Guess Id better look at this 3605GBD unit...Thanks guys.  By the way, Work says I'll be out of town for the next few days.


----------



## bob-bqn (Sep 19, 2006)

I already had a GOSM 36" charcoal smoker and a GOSM 36" propane smoker along with 3 other smokers when I ran across the Stainless Steel GOSM Big Block propane smokers at Sam's Club a few years back. Something compelled me to buy 2 of them (even though I already had 5 smokers :lol: ). I gave 3 smokers to family & friends, kept 1, tossed the other and never regretted the purchase. The GOSM SS BB's cost me $325 each but I heard folks a few months later saying they got theirs for $295.

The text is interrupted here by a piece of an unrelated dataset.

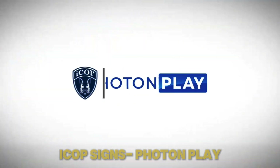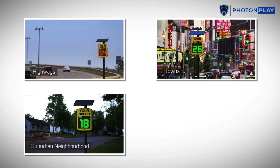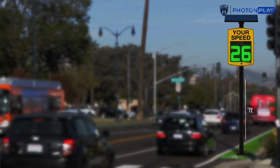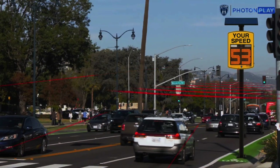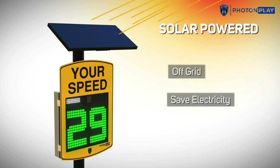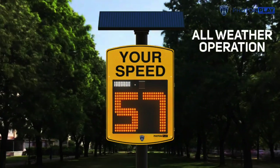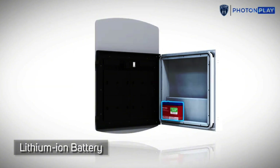For over 12 years, the global company Photon Play has been improving traffic safety. One of their most effective solutions is the ICOP signs, which display the speed of oncoming drivers in real-time. Green numbers indicate safe speeds, while yellow or red numbers warn drivers to slow down. Powered by solar panels, the top-of-the-line ICOP R1-1800M model features a large display visible from 550 meters away. According to company data, 80% of drivers slow down when warned by ICOP signs, with speed reductions typically ranging from 10 to 20%.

If you can find a GOSM SS BB they are well worth the price. They have become all but extinct in stores as I haven't been able to locate one anywhere recently. If you can't find a Stainless Steel one then I would highly recommend the black Big Block over the smaller models so you can cook whole packer briskets and full slabs of ribs.


----------



## cajun_1 (Sep 21, 2006)

I want to thank everyone for all the input on this subject


----------



## monty (Sep 21, 2006)

You are most welcome, Friend! 

Now, the millon dollar question.....You gonna buy one?

Cheers!


----------



## cajun_1 (Sep 21, 2006)

Soon srmonty...Soon.


----------



## monty (Sep 21, 2006)

EXCELLENT! You will not regret that purchase!

Cheers!


----------



## cajun_1 (Sep 21, 2006)

Thank You Sir.


----------



## packrat (May 6, 2007)

What is the major difference between the Wide Body and the Big Block that justifies the price difference.  Is it just the wider capacity, or does it really retain that much more heat?  I'm tempted to go with the Wide Body and don't really need a metric ton of space, but I don't want to sell myself short if $40 will get me something much better.


----------



## deejaydebi (May 6, 2007)

Whatever you think you need now - go at least one size bigger! You won't regret it! For $40 you could end up saving alot of aggrivation later!


----------



## packrat (May 6, 2007)

i guess the wide body is already one step up from what i think i would need.  one concern would be the width, but i don't mind if i need to trib a slab of ribs before putting it in--i'm not out to impress anybody.


----------



## billyq (May 9, 2007)

But they just dont look as purdy cut in two!!


----------